Directed by: Brian De Palma
Premise: An adaptation of James Ellroy’s novel. Aaron Eckhart and Josh Hartnett play a pair of detectives tracking a killer in 1940s Los Angeles.
What Works: Some of the early sequences have a lot of intensity. Scarlett Johansson fits her role very well and her relationship with Eckhart and Hartnett’s characters is the one area of the film that is compelling.

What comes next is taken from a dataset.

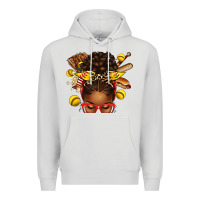 Dove Grey softball afro messy bun Premium Hoodie - texasbilliewilder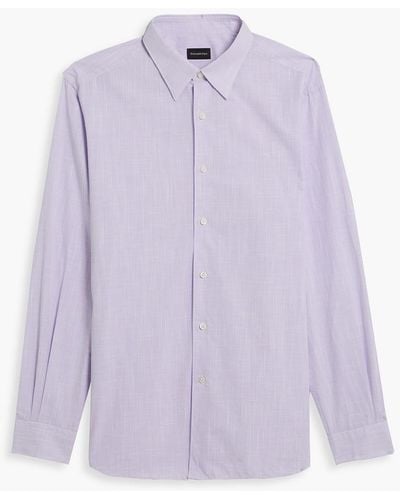 Zegna Oxford Shirt - Purple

What Doesn’t: The Black Dahlia is a mess on many levels. The film is largely miscast and the acting is very poor, particularly Josh Hartnett who has all the charisma of a fire hydrant. Eckhart, who is an experienced and talented actor, is unable to find a handle on a character that shifts in demeanor throughout the story for no particular reason. The story jerks the audience around from one place to the next with no sense of progress in uncovering the mystery. While building in multiple storylines is typical of the genre, the various strands of The Black Dahlia do not connect and when the truth behind the mystery is finally revealed it is not the result of coherently assembling any of the detective work that has accumulated throughout the story. Despite being directed by veteran filmmaker Brian DePalma, The Black Dahlia looks very amateurish in its execution. The cinematography and editing are sloppy, scenes plod along without much sense of direction, and DePalma’s characteristic split-diopter shots are used frequently but without any apparent storytelling function. Where films such as L.A. Confidential and Hollywoodland made reference to 1940s film noir and then reinterpreted the genre, The Black Dahlia almost comes off as a weak imitation, almost a parody.
Bottom Line: The Black Dahlia is a disaster of a movie. It fails at the most basic task of creating an entertaining and coherent murder mystery and its failure is increased by lead actors who deliver poor performances and a style that is obnoxious.